Polo’s UK governing body will assess state of the game with Argentina’s leading players to discuss solutions and possible changes within the sport.
The move from Facundo Pieres to call for changes in the sport, and the subsequent agreement of Adolfo Cambiaso, will see the Hurlingham Polo Association, the sport’s UK governing body, meet with the world’s two leading players to discuss finding solutions.
David Woodd, the HPA’s chief executive, welcomed the comments from both 10-goal Argentine players, saying: “I think it’s really good news if you’ve got the two best players in the world saying they’d like to sit down and discuss things. That’s a move in itself.”

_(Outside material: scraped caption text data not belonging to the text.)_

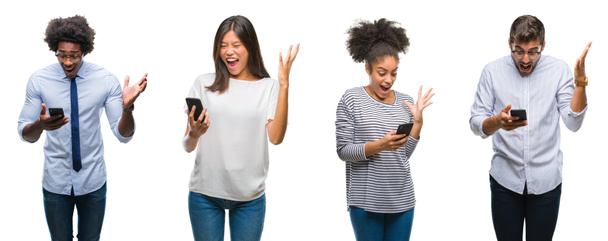 Collage of people texting sending message using smartphone over isolated background very happy and excited, winner expression celebrating victory screaming with big smile and raised hands - Photo, Image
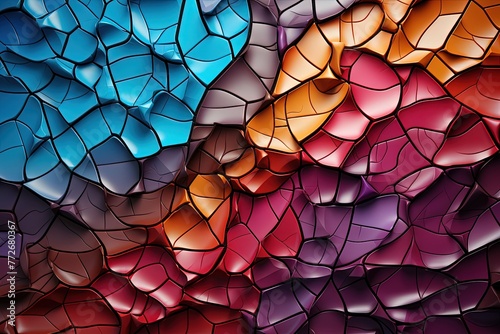 A mosaic tile texture in bright colors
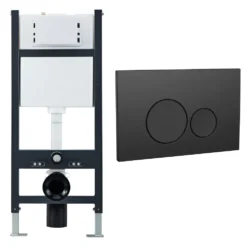 Drench Wall Hung Toilet Frame, Pneumatic Concealed Cistern & Dual Flush Plate with Round Buttons
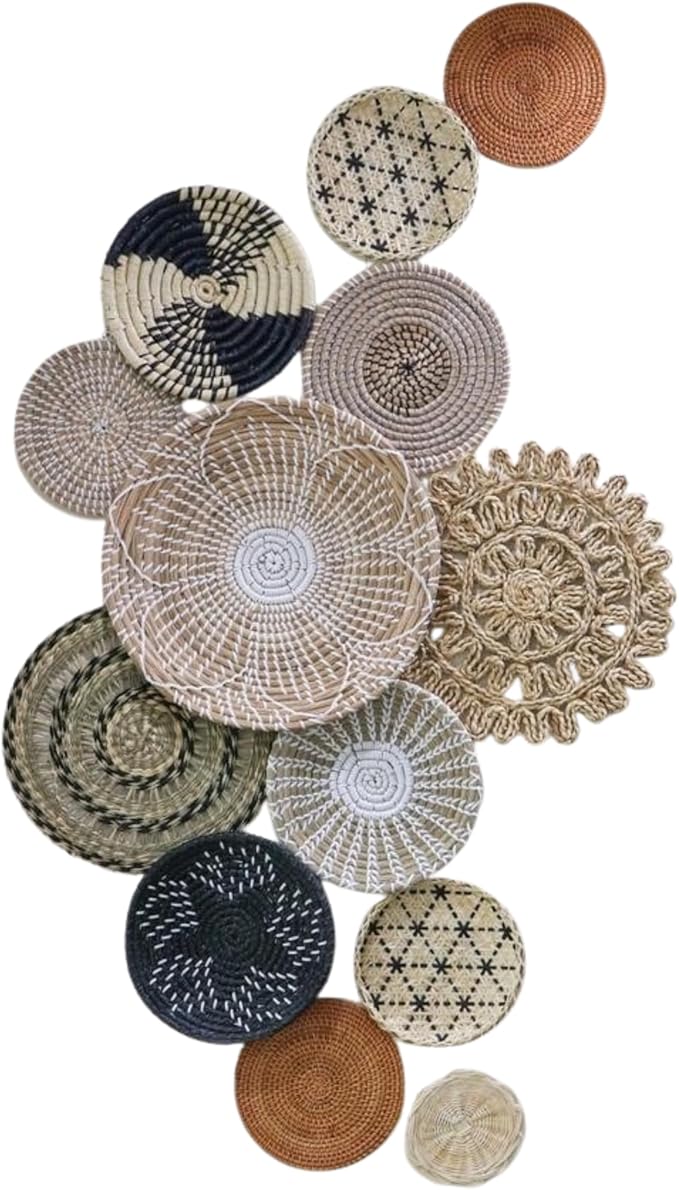 Chicvillage Boho Wall Basket Decor - 100% Natural Seagrass Wicker Wall Decor - Handmade Boho Wall Baskets & Woven Wall Decor Design from Vietnam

“I think it’s very encouraging. Congratulations also to the AAP for using English umpires at Palermo and the umpires concerned.”
Pieres, however, called for the laws to be interpreted in different continents in a ‘unified way’, rather than criticising umpires per se.
Woodd believes broader interpretation of the levels of polo may need looking at by umpires and the governing bodies employing them.
He said: “The words are always going to be difference because the English language is different to the American language, but we are pretty much on one set of rules in the way the game is played. If we are going to have umpires coming here and going there, whether it’s to England, America or Argentina or whatever, it’s tough on them if the game isn’t played the same way.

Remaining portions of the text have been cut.